**Data section**
☆ ☆ ☆ ☆ ☆

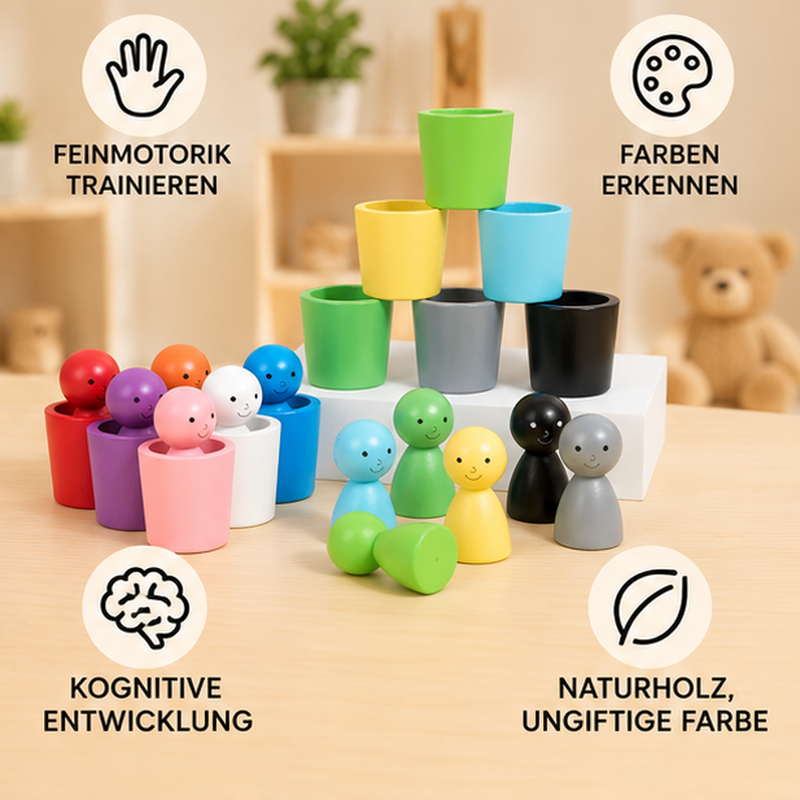 Holz-Farbsortierbecher mit Figuren
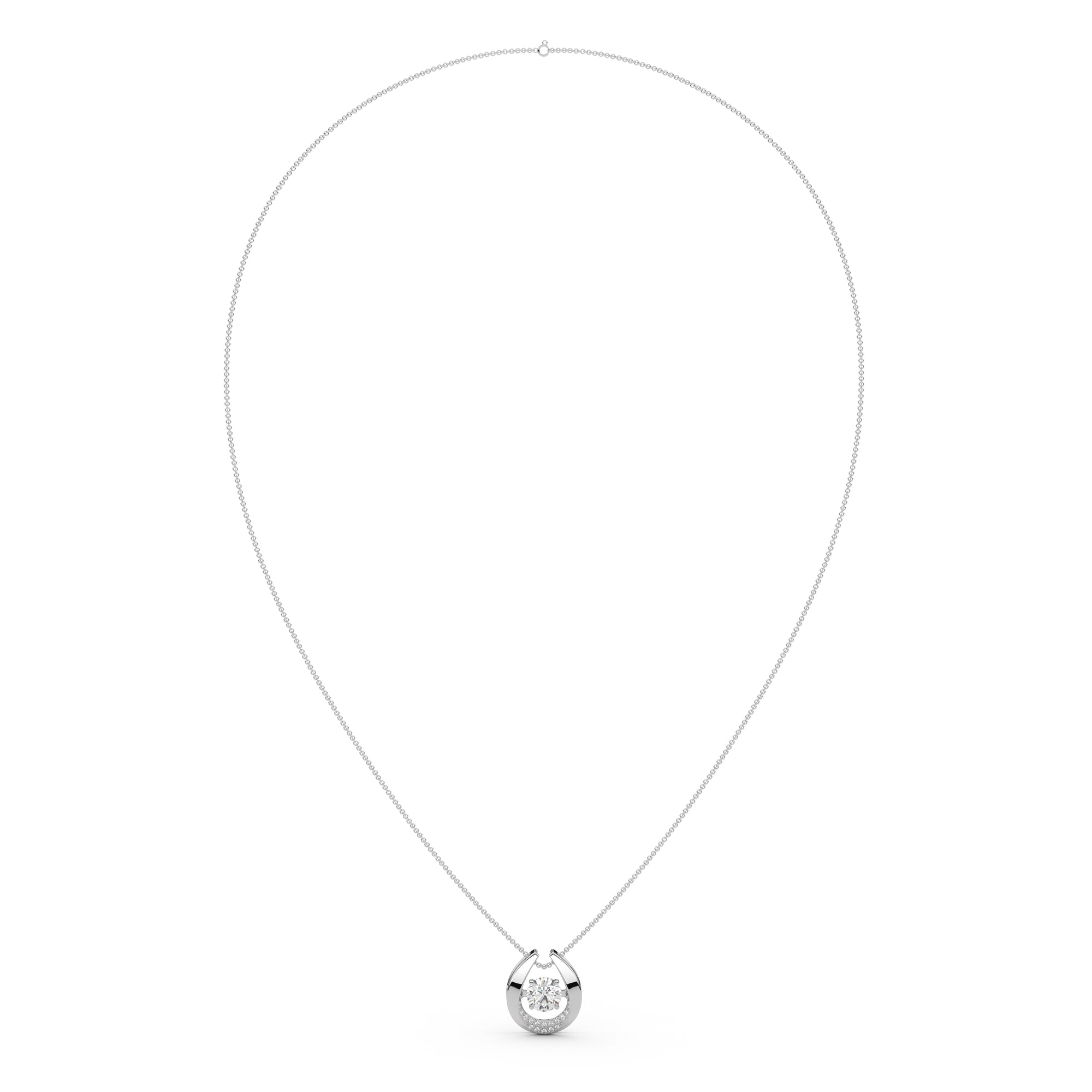 Horseshoe Shaped Diamond Pendant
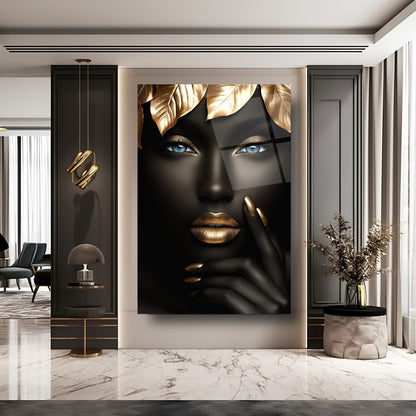 Afrikalı Siyahi Kadın Cam Tablo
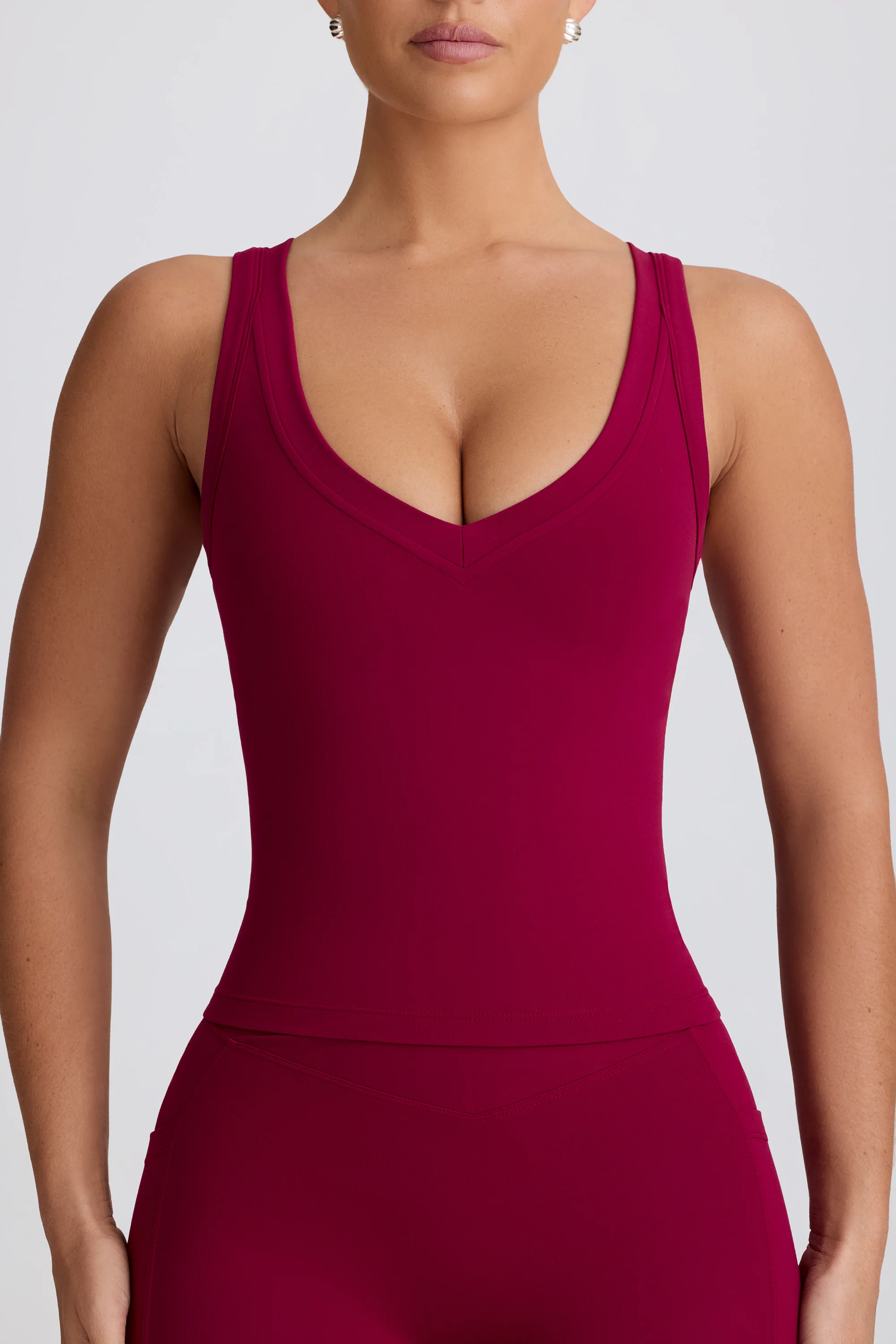 Soft Active V-Neck Tank Top in Burgundy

☆ ☆ ☆ ☆ ☆

**Work request**
Transcribe the listing above in full and exactly; no pictures belong in the copy.

**Answer to the problem**
 Holz-Farbsortierbecher mit Figuren
 Horseshoe Shaped Diamond Pendant
 Afrikalı Siyahi Kadın Cam Tablo
 Soft Active V-Neck Tank Top in Burgundy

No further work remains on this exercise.